= Dave Roberts (American actor) =

Dave Roberts is an actor and writer who appeared in American Cannibal.
Roberts began his career in entertainment in his home town of New York City. He landed his first jobs at stage productions off-Broadway while studying acting at Tisch School of the Arts at New York University.

Roberts worked with Philip McMann and the Leadfoot Theatre, which led to voice-over roles for local radio spots and clients such as New York Sports Clubs, Playbill.com, Macklowe Properties and KBC Media. This, in turn, led to commercial work and regional theatre. After signing with a talent agency, Dave was cast as a recurring voice-over on the anime hit The Elan.

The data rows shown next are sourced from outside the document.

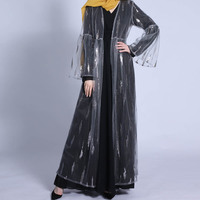 Trompette manches paillettes décoration étage longueur taille ample voir à travers noir blanc rose couleur Muslimah Abaya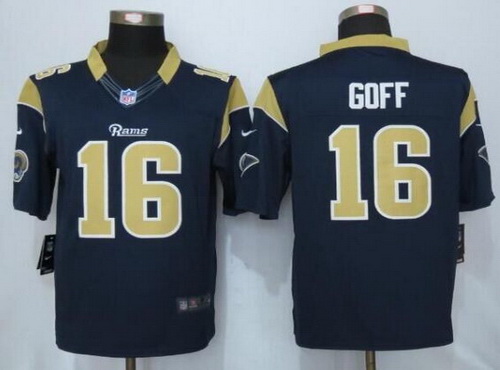 Men's Los Angeles Rams #16 Jared Goff Navy Blue Team Color NFL Nike Elite Jersey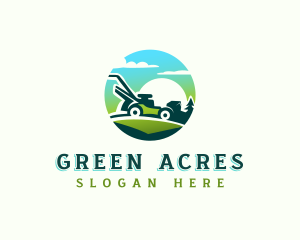 Lawn Mower Landscaping logo design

While performing in Henry V in Toronto the summer of 1999, Roberts auditioned for an avant-garde local TV production called MasterStroke and was cast as its lead. The comic soap opera aired for only a short time on Ontario's Star Ray TV but gained acclaim for its star and its young director, Gil Ripley. The two like-minded artists became quick friends and began a writing partnership that led to their co-founding KanDu Productions the following year (2000). They also undertook editorship of The Festival Rag, a monthly online newsletter devoted to the independent film world and published by the entertainment portal Kemek.

KanDu's TV comedy projects have ranged from sitcoms to full-length screenplays, as well as reality-based TV programming. In 2001, Roberts and Ripley wrote Homewrocker, a rock-n-roll sitcom that made the rounds of domestic cable before finding a home on Japan's NHK. In 2004, they wrote and shot the pilot for Psychotic Episodes, an experimental comedy series now in review by a major network.

Roberts lives in Manhattan with his wife and two daughters.